# Muffler Question



## nissandrew (Aug 23, 2005)

Is there really any difference between these two mufflers?... 
http://www.magnaflow.com/02product/shopexd.asp?zone=main&id=463
http://www.magnaflow.com/02product/shopexd.asp?zone=main&id=629

...or is it just appearance? Which one would you recommend? And which tip would look good with this muffler? Thanks for the advice!


----------



## asleepz (Feb 24, 2004)

Only difference is the finish.


----------



## nissandrew (Aug 23, 2005)

That's what I figured, but would one of the finishes be better than the other one? Like, would one of them look better than the other one would in 5 years?


----------



## hondakillerZX (Aug 16, 2004)

you should check out some borlas man. they sound awsome and they have lifetime garauntees


----------



## AZ-ZBum (Nov 21, 2004)

nissandrew said:


> That's what I figured, but would one of the finishes be better than the other one? Like, would one of them look better than the other one would in 5 years?

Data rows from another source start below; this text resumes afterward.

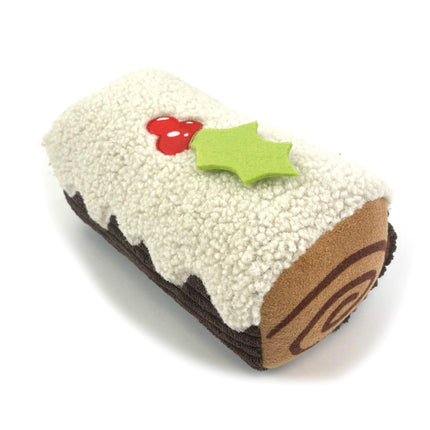 Happy Pet Yule Log Treat Release Toy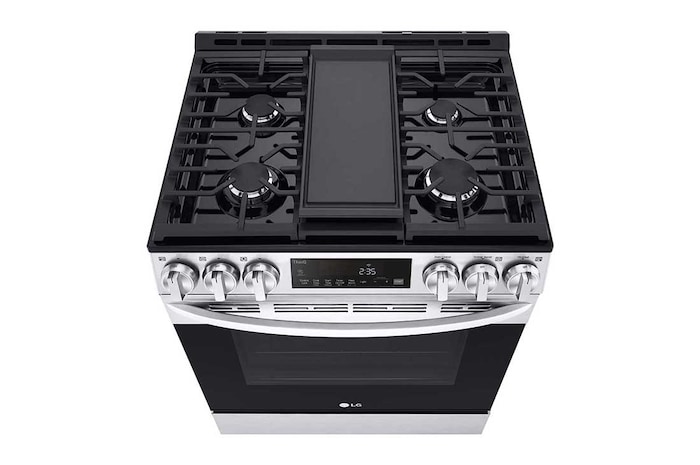 LG 5.8 cu ft. Smart Wi-Fi Enabled Fan Convection Gas Slide-in Range with Air Fry & EasyClean®, LSGL5833F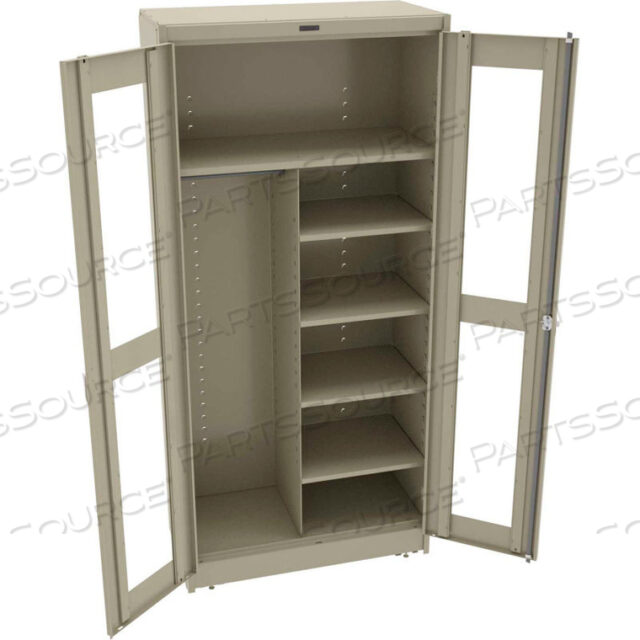 C-THRU DELUXE COMBINATION CABINET - UNASSEMBLED 36W X 18D X 78H, SAND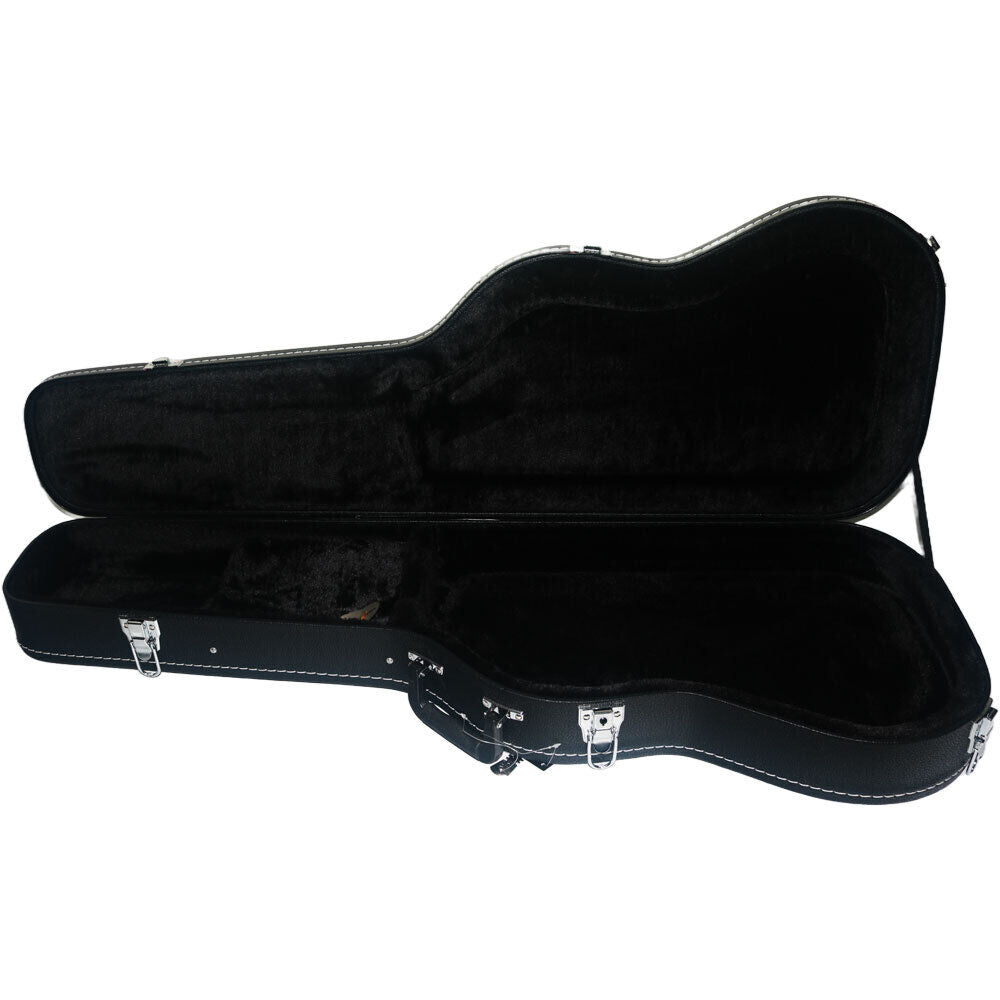 FZONE Wooden Electric Guitar Case Black with Flat Edge — view 3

depends on where you live and what driving you did and how well you kept it clean.


----------



## nissandrew (Aug 23, 2005)

Well, I live in Spokane, WA, I would do mostly normal driving, (it might see some track time), and I would probably keep it pretty clean. They don't toss down any salt during the winter...oh yeah, I might be moving to San Diego by June or July, though.


----------



## tim1950 (Nov 8, 2005)

Hows things in Spookaloo? ( Spokane nick name.) Tacoma native here. Looks like the finish and price are the only differences. Don't mufflers rust from the inside out anyway?


----------



## nissandrew (Aug 23, 2005)

Hmmm...I'm not so sure...I think the polished one would look a little better, though.


----------



## AZ-ZBum (Nov 21, 2004)

here's a tip: you can polish the satin version as well.


----------



## nissandrew (Aug 23, 2005)

Well, I did some more searching, and one of the sites on magnaflow.com offered the polished one for about $110 shipped. So I went with that one. That's less then I thought I was going to pay for the satin one originally.


----------



## AZ-ZBum (Nov 21, 2004)

nissandrew said:


> Well, I did some more searching, and one of the sites on magnaflow.com offered the polished one for about $110 shipped. So I went with that one. That's less then I thought I was going to pay for the satin one originally.


My penis hurts from polishing it too much.

Just as yours willl.......


----------



## nissandrew (Aug 23, 2005)

AZ-ZBum said:


> My penis hurts from polishing it too much.
> 
> Just as yours willl.......


That's nice. Thank you.


----------